Consumidores relembram tempos difíceis
A situação vivida há mais de duas décadas quando a inflação acumulada superava 2.000% ao ano ainda está na memória da culinarista Vilma Rossi Cordeiro, que faz bolos há 35 anos.Eram tempos difíceis, uma loucura. A gente tinha que estocar produto e comprar sempre em grande quantidade, conta. Hoje, ela considera o cenário econômico bem mais favorável, mas diz que nos últimos cinco meses os preços dos produtos que usa para fazer os bolos estão subindo muito.
A duplicata que pago todo mês para a mesma quantidade de farinha de trigo, por exemplo, subiu de R$ 120 para R$ 148 de maio para junho. O leite e seus derivados também tiveram altas constantes nos últimos meses, diz Vilma. Para driblar a inflação e não aumentar o valor dos bolos que produz, ela fica atenta às promoções e compra grandes quantidades quando encontra preços baixos.

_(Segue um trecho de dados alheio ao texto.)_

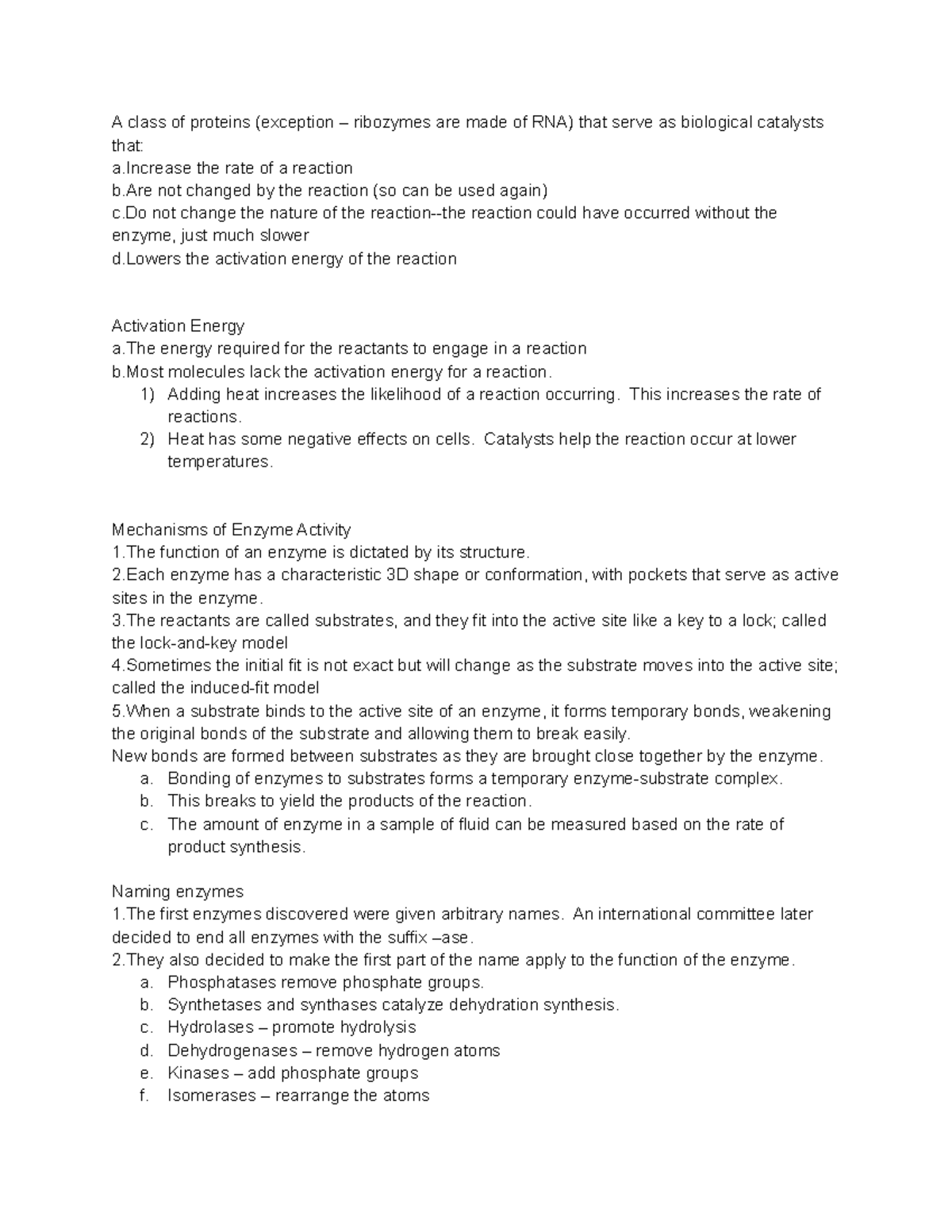Enzymes and catalyst A class of proteins (exception ribozymes are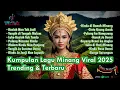 Download Lagu Kompilasi Lagu Minang Terbaru 2025 | Viral TikTok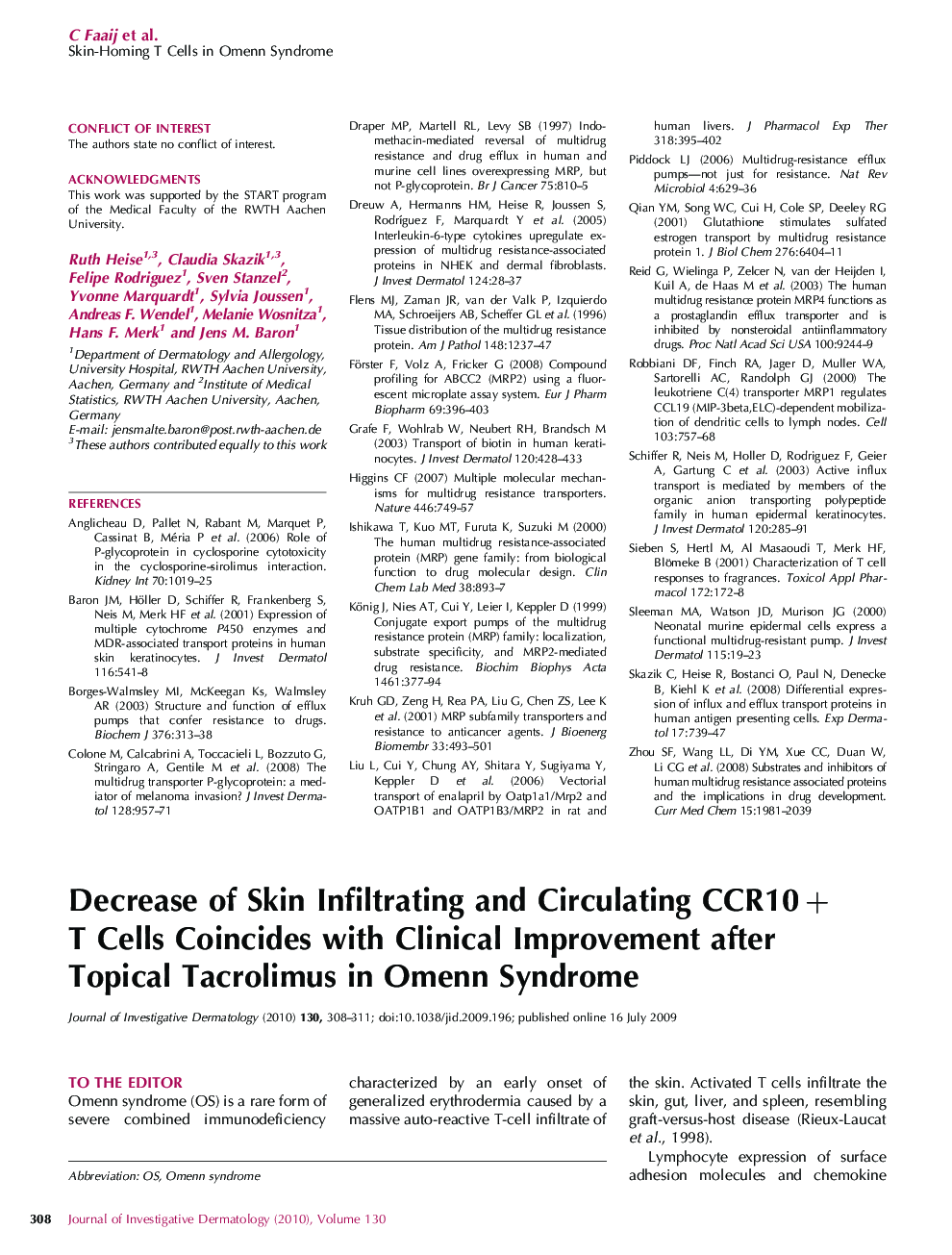 Decrease of Skin Infiltrating and Circulating CCR10+ T Cells Coincides with Clinical Improvement after Topical Tacrolimus in Omenn Syndrome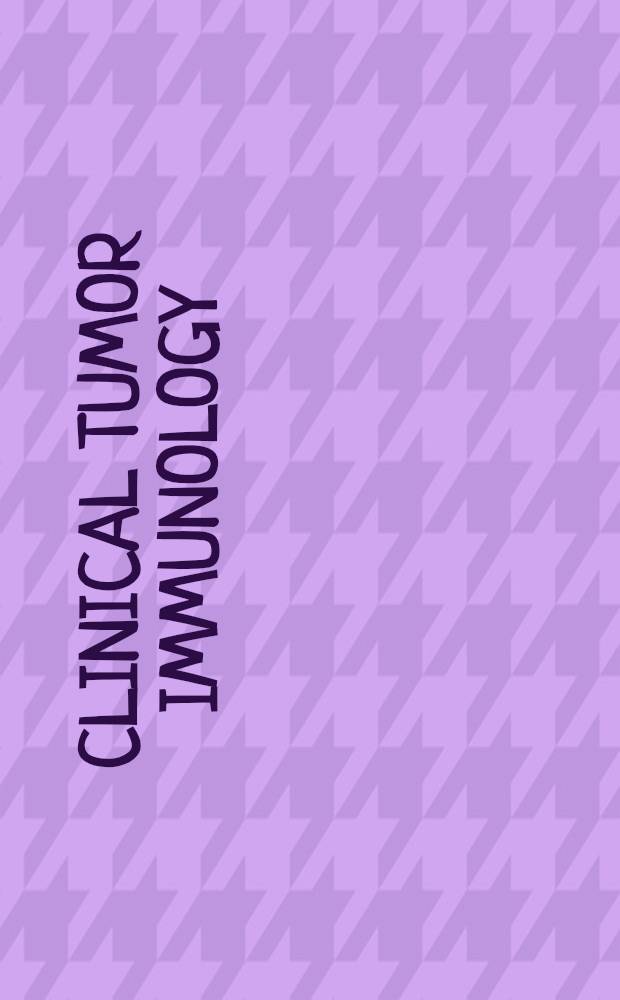 Clinical tumor immunology : Proc. of the Symposium of clinical tumor immunology heldin Brussels (May 26-29, 1975) and organized jointly by the EORTC and the Dep. of immunology of the Univ. hospital of Brussels
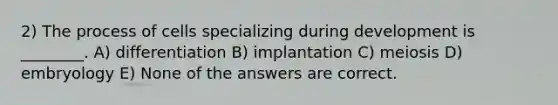 2) The process of cells specializing during development is ________. A) differentiation B) implantation C) meiosis D) embryology E) None of the answers are correct.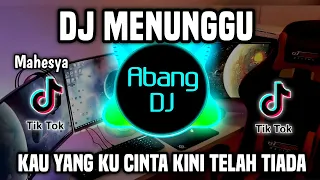 Download DJ KAU YANG KU CINTA KINI TELAH TIADA - DJ MENUNGGU REMIX FULL BASS VIRAL TIKTOK TERBARU 2024 MP3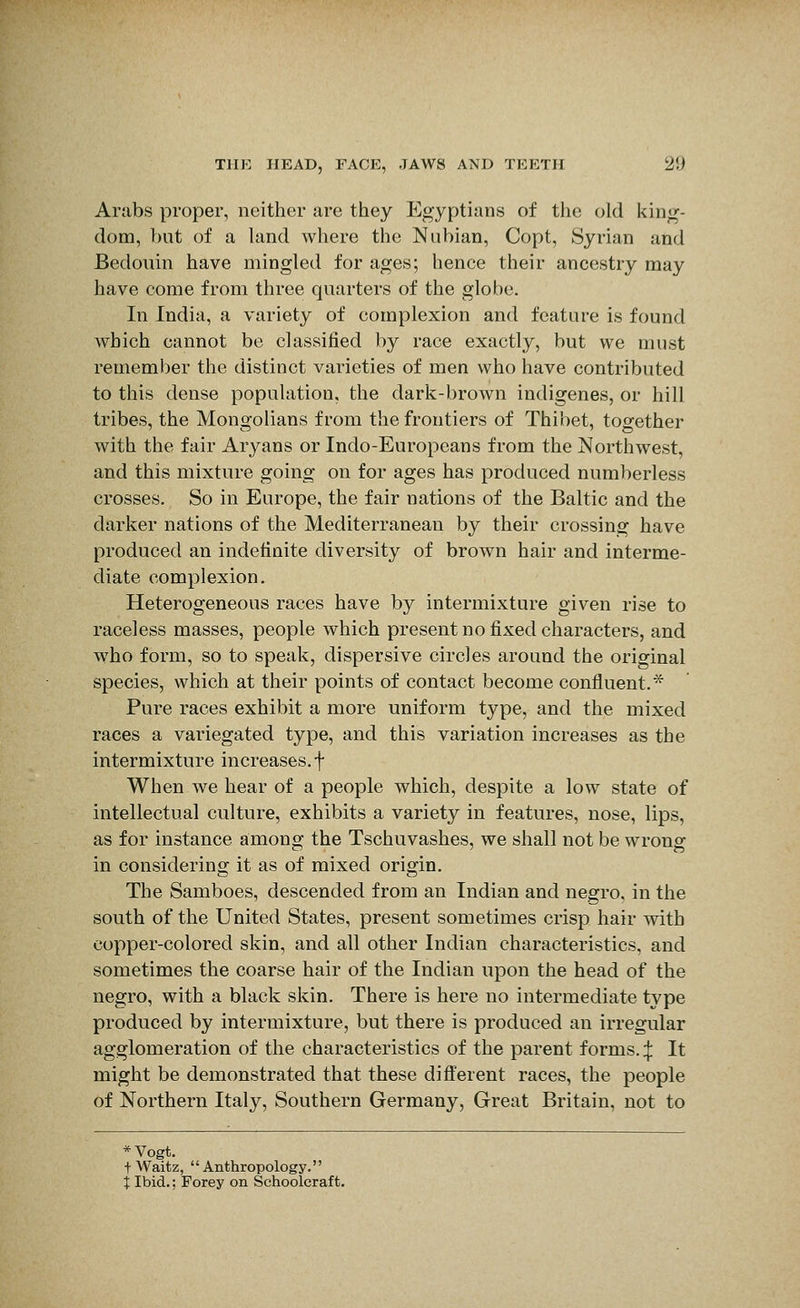 Arabs proper, neither are they Egyptians of the old king- dom, but of a land where the Nubian, Copt, Syrian and Bedouin have mingled for ages; hence their ancestry may have come from three quarters of the globe. In India, a variety of complexion and feature is found Avhich cannot be classified by race exactly, but we must remember the distinct varieties of men who have contributed to this dense population, the dark-brown indigenes, or hill tribes, the Mongolians from the frontiers of Thibet, together with the fair Aryans or Indo-Europeans from the Northwest, and this mixture going on for ages has produced numberless crosses. So in Europe, the fair nations of the Baltic and the darker nations of the Mediterranean by their crossing have produced an indefinite diversity of brown hair and interme- diate complexion. Heterogeneous races have by intermixture given rise to raceless masses, people which present no fixed characters, and who form, so to speak, dispersive circles around the original species, which at their points of contact become confluent.* Pure races exhibit a more uniform type, and the mixed races a variegated type, and this variation increases as the intermixture increases, f When we hear of a people which, despite a low state of intellectual culture, exhibits a variety in features, nose, lips, as for instance amono- the Tschuvashes, we shall not be wronsr in considering it as of mixed origin. The Samboes, descended from an Indian and negro, in the south of the United States, present sometimes crisp hair with copper-colored skin, and all other Indian characteristics, and sometimes the coarse hair of the Indian upon the head of the negro, with a black skin. There is here no intermediate type produced by intermixture, but there is produced an irregular agglomeration of the characteristics of the parent forms. ^ It might be demonstrated that these difl'erent races, the people of Northern Italy, Southern Germany, Great Britain, not to *Vogt. + Waitz, Anthropology. i Ibid.; Forey on Schoolcraft.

Presto atenção na TV. Quando os supermercados anunciam, vou lá. Como eles limitam a quantidade por pessoa, levo a família e as funcionárias para poder comprar mais, diz Vilma. Segundo ela, a estratégia tem sido fundamental para conseguir manter os seus preços. Não sei até quando vou conseguir segurar, acho que terei que aumentar um pouco.
Maria Neusa Depieri Vicente, comerciante há 42 anos, também não esquece dos tempos difíceis da inflação. Era uma época terrível. Se você vendesse hoje para receber do cliente amanhã, não conseguia pagar a mercadoria, lembra. Hoje, o sentimento dela em relação à economia é de que tem e ao mesmo tempo não tem inflação.
Os preços sobem e baixam muito rápido. Fui ver uma carreta de arroz para comprar, mas estou esperando o melhor momento. De uma semana para cá, o arroz baixou R$ 1 por saca, quero ver se o preço melhora, diz.
Ela credita a situação ao comportamento mais cons-ciente do consumidor. Hoje as pessoas deixam de comprar aquele produto que sobe muito e isso acaba forçando o preço para baixo, considera. (G.M.)